Sometimes I wish there was a pause button for just a moment’s peace. At other times it would be nice to be able to use the remote to stop the world to live in a moment just a teeny bit longer.
Unfortunately that’s not reality nor is it the reality I have been living the past three days.
life love is on pause. I can’t love you. Well at least not in the way I prefer to.
I have germs. Millions of them I suppose. The up-my-nose-in-more-ways-than-one kind. Please don’t feel a compulsion to break out the tissues. It’s not a Kleenex moment. At least not of the crying kind. I’ve used that many the kids are now building towers with the empty boxes.
I also had to pause my posts. The daily serving of love was nowhere to be seen. Typing would have been near impossible, having to take care of the faucet-like nose.

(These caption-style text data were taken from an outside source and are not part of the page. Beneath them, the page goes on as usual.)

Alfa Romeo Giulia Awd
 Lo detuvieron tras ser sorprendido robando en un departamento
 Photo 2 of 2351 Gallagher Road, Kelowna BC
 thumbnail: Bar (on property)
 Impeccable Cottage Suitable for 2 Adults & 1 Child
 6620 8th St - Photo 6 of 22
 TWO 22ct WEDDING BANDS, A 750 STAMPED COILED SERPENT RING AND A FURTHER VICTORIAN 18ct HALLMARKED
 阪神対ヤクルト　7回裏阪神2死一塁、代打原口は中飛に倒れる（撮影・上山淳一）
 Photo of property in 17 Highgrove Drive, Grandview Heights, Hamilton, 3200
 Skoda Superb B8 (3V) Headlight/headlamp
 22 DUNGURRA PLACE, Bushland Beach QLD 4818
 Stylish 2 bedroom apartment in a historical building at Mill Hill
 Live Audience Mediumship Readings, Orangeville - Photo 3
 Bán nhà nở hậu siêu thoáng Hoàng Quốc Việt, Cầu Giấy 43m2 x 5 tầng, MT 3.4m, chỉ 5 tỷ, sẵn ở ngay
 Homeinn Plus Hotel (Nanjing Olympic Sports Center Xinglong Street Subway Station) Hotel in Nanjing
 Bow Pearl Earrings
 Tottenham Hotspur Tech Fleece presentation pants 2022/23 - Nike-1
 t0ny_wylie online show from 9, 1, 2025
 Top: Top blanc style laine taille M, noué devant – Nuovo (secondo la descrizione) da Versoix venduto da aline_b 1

In fact, I got that sick of the incessant running that I resorted to jamming a tissue up each nostril just to take a break from the blowing while trying to do normal daily tasks.
Ok so I’ve managed to avoid the words boogie and snot and also believe that I have succeeded in not sharing this with my family. For the record, the blame lies firmly with ‘almost 6’ who shares all there is on offer at school and kindly brought it home for me. I know I could possibly give it back to him so it’s come down to this:
- kisses on the tops of their heads have replaced the smackaroos I normally get to share with my fellas
- hugs are limited to the standing position so my legs have seen a lot of loving lately
- blowing kisses has become normal practice for the time being even when no-one is going anywhere.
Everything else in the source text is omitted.